The Great Society was a set of domestic programs in the United States first announced by President Lyndon B. Johnson at Ohio University, then at University of Michigan, and subsequently promoted by him and fellow Democrats in Congress in the 1960s. 

Two main goals of the Great Society social reforms were the elimination of poverty and racial injustice. New major spending programs that addressed education, medical care, urban problems, and transportation were launched during this period. The Great Society in scope and sweep resembled the New Deal domestic agenda of Franklin D. Roosevelt.

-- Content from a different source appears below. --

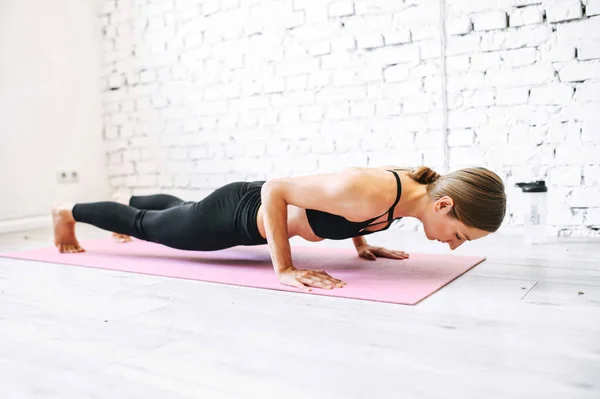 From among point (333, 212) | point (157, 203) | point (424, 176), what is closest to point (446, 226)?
point (424, 176)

Some Great Society proposals were stalled initiatives from John F. Kennedy's New Frontier. Johnson's success depended on his skills of persuasion, coupled with the Democratic landslide in the 1964 election that brought in many new liberals to Congress, making the House of Representatives in 1965 the most liberal House since 1938.

Anti-war Democrats complained that spending on the Vietnam War choked off the Great Society. While some of the programs have been eliminated or had their funding reduced, many of them, including Medicare, Medicaid, the Older Americans Act and federal education funding, continue to the present. The Great Society's programs expanded under the administrations of Richard Nixon and Gerald Ford.

Since Lyndon B. Johnson’s “Great Society” programs of Medicare and Medicaid were amended to Social Security in 1965, healthcare costs have exploded as a percentage of GDP.

How much of the economy? Four times as much. Not only does America spend more on healthcare than any other developed country, it’s also near the top in public spending.

While much of this increase can be attributed to an increasingly elderly population (62 million will be on Medicare by 2020), those who drafted the Medicare and Medicaid legislation and passed them also predicted that the programs would be able to contain costs. 

Obamacare is slated to add $6.2 trillion in debt according to the Government Accountability Office and as confirmed by Medicare’s chief actuary. Medicare itself was billed as sustainable on a 1 percent payroll tax, and its costs blew by seven times original cost estimates a long time ago.

And as Guy Benson of Townhall noted, “the federal government’s own bookkeepers have once again determined that President Obama’s so-called ‘Affordable’ Care Act is driving up overall health spending” — from 4.5% growth to 6.1% growth slated for next year.


Poverty hasn’t been reduced under the so-called “War on Poverty” — despite spending $15 trillion “fighting” it.